> [WHAT TO WORK ON] Only one span of the listing below is wanted: the lines from the one with "Enactment of Strict" through the one with "#AutomotiveElastomers #RubberIndustry #PolymerMaterials", reproduced exactly, both ends kept.

> [DATASET CONTENT]

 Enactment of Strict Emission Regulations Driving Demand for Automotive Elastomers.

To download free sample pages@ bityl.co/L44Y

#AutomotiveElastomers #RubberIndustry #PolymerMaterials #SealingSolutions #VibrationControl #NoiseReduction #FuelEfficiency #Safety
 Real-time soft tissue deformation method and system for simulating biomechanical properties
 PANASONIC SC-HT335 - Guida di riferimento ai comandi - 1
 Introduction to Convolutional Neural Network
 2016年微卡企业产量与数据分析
* * *
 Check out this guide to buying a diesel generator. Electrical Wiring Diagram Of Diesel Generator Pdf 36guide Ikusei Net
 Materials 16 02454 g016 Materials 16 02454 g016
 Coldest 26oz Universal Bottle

> [RESPONSE]
 Enactment of Strict Emission Regulations Driving Demand for Automotive Elastomers.

To download free sample pages@ bityl.co/L44Y

#AutomotiveElastomers #RubberIndustry #PolymerMaterials #SealingSolutions #VibrationControl #NoiseReduction #FuelEfficiency #Safety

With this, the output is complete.